The solar installation, once it’s completed, would be one of the largest in the state. The state’s largest currently is at Bowdoin College, with 4,420 solar panels and a capacity of 1.2 megawatts, according to Bowdoin’s website.

Trees have been removed on about 2 acres of the site.

NRG Energy Inc., based in New Jersey and Texas, will build and own the solar project, leasing the land from Colby. As part of a 27-year agreement, Colby will buy all the electricity produced at a predetermined rate with modest cost savings expected over the life of the contract compared to projected costs of buying electricity from the grid, according to the release.

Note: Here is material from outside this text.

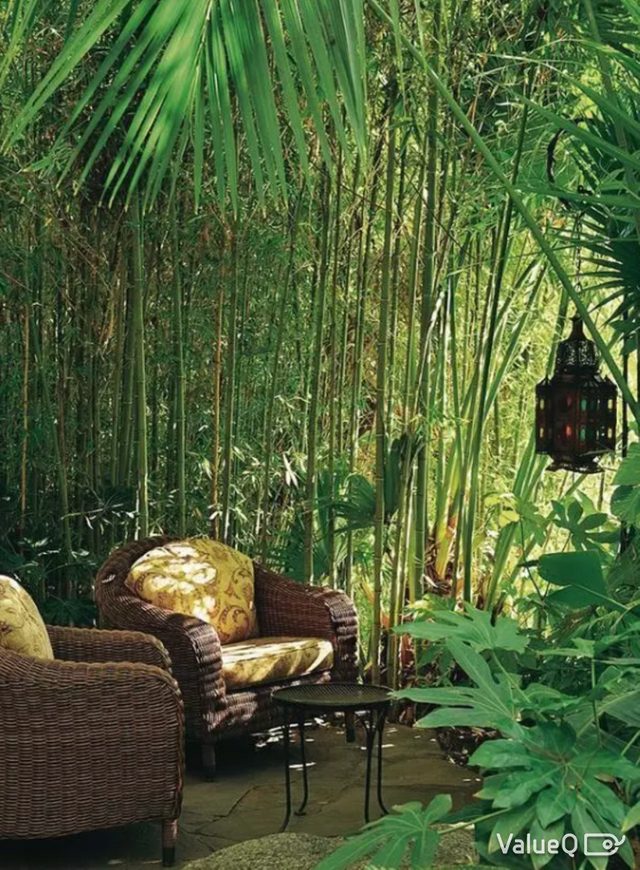 Here are Top 7  Bamboo-tiful Ways to Add a Breath of Summer Beauty to Your Home Photo 1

As part of the power purchase agreement, NRG pays for the construction and ongoing operating and maintenance of the 5,505 panels, Bright said Wednesday.

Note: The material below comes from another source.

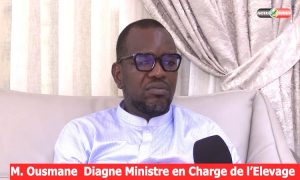 Maitre Ousmane Diagne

For several years, Colby has generated about 10 percent of its electricity at its steam plant by running boiler exhaust through a turbine. Last year a 26-kilowatt photovoltaic solar array was installed on the Schair-Swenson-Watson Alumni Center on campus. That solar array led the way for the current solar installation project.

“It confirmed that, once they’re installed, these things just sit up there and work for us,” Bright said in the news release. “The only real difference in that installation and the one we’re doing this summer is the scale. At its core, it’s the same thing.”